▶ _What to work on_
Transcribe the listing that follows in full, exactly, and drop its images.

▶ _Source material_

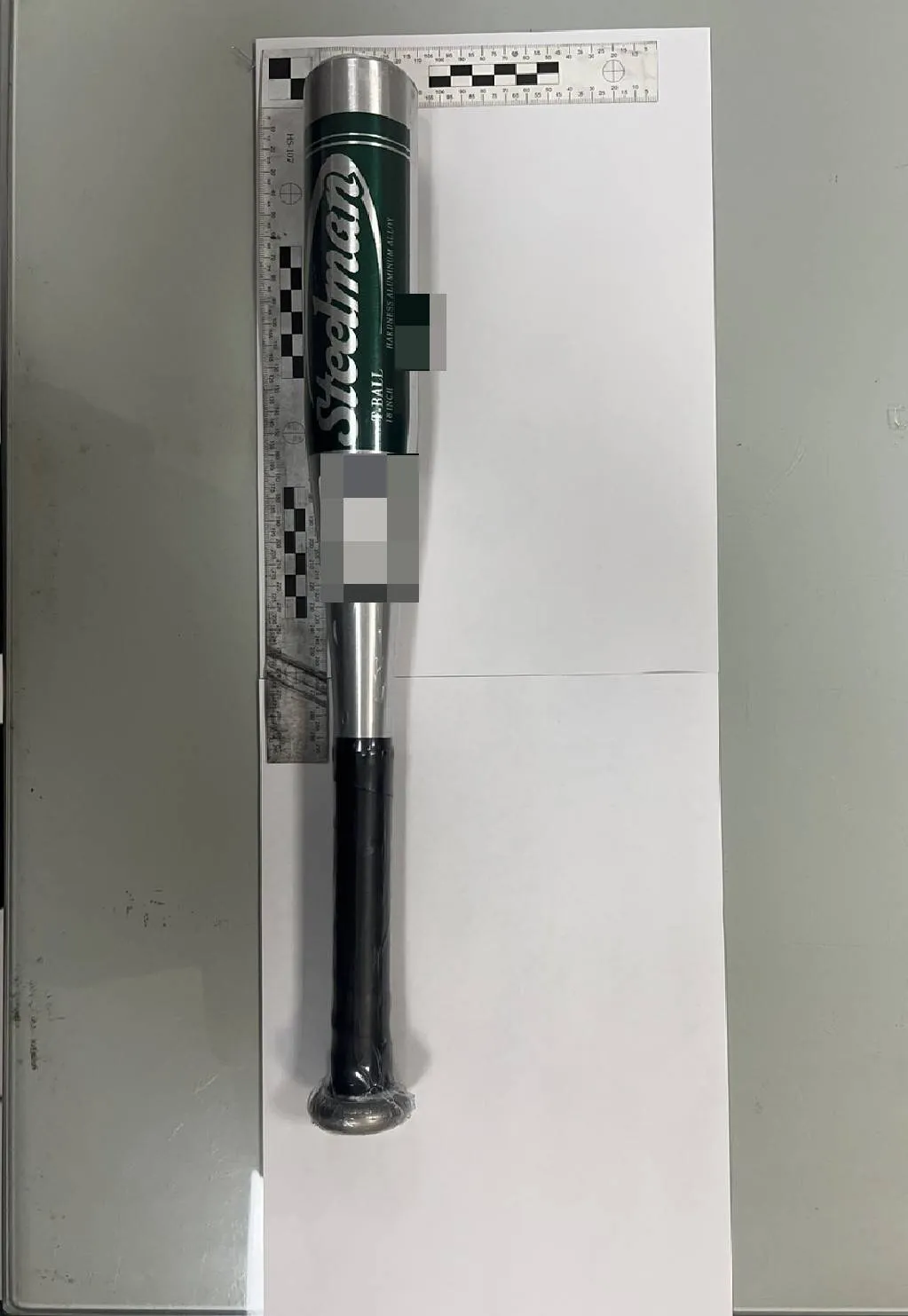 警方在現場帶回的球棒。翻攝畫面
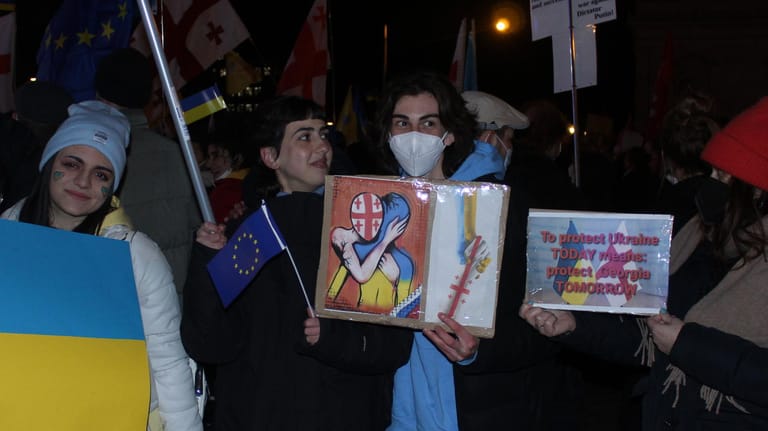 Kati Tshkomelidze (Mitte) und Freunde bei der Kundgebung in München. Die Gruppe demonstrierte mit 45.000 anderen Menschen gegen den Krieg in der Ukraine.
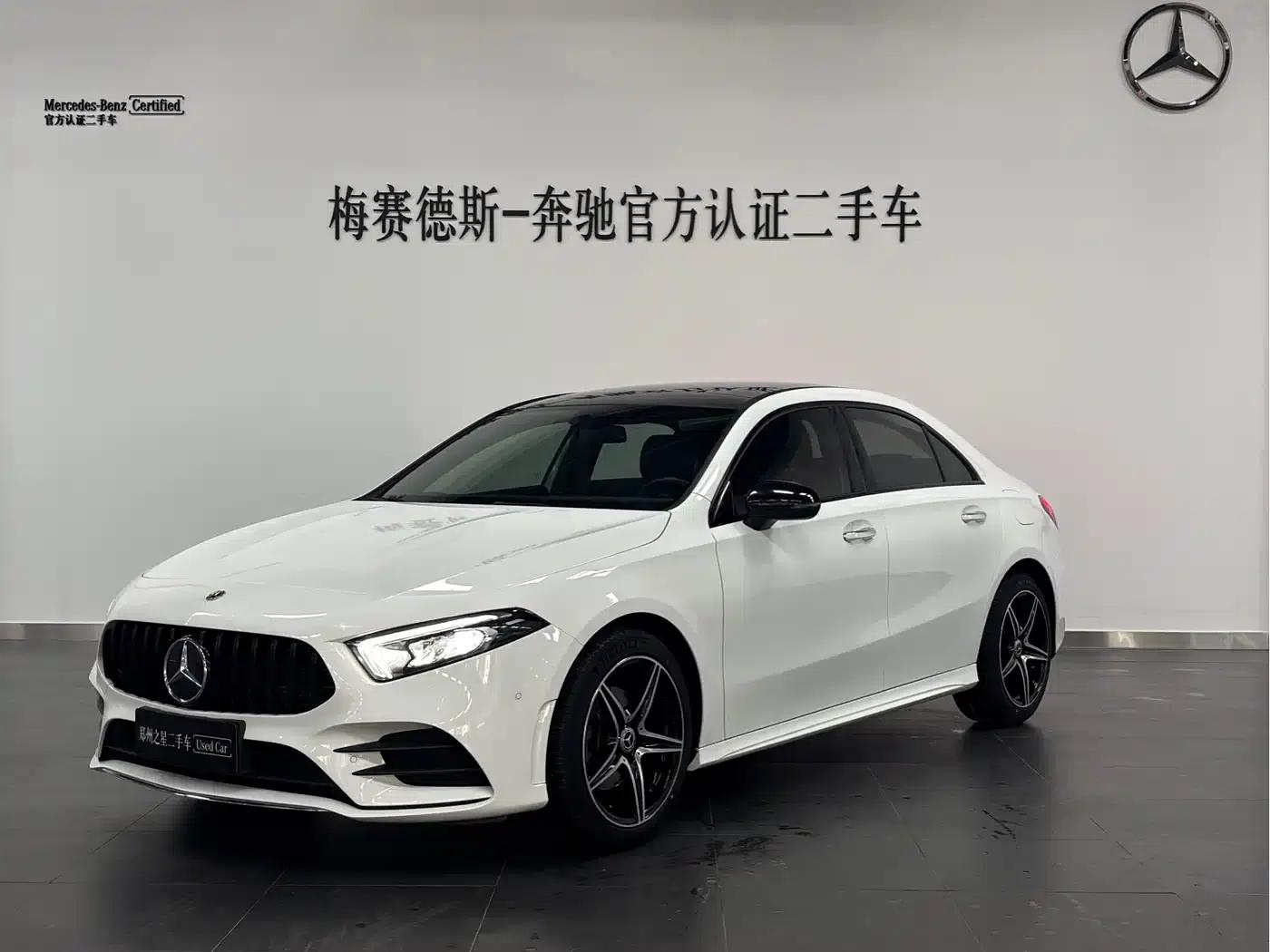 Mercedes-Benz A-Class 2021 A 200 L Sport Sedan Fashion Edition — миниатюра 1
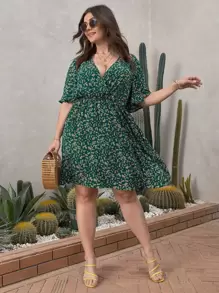 SHEIN VCAY 大碼小碎花交叉領蝴蝶袖A字型連衣裙 - 墨綠色 - 查看 6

▶ _Solution for this task_
 警方在現場帶回的球棒。翻攝畫面
 Kati Tshkomelidze (Mitte) und Freunde bei der Kundgebung in München. Die Gruppe demonstrierte mit 45.000 anderen Menschen gegen den Krieg in der Ukraine.
 Mercedes-Benz A-Class 2021 A 200 L Sport Sedan Fashion Edition — миниатюра 1
 SHEIN VCAY 大碼小碎花交叉領蝴蝶袖A字型連衣裙 - 墨綠色 - 查看 6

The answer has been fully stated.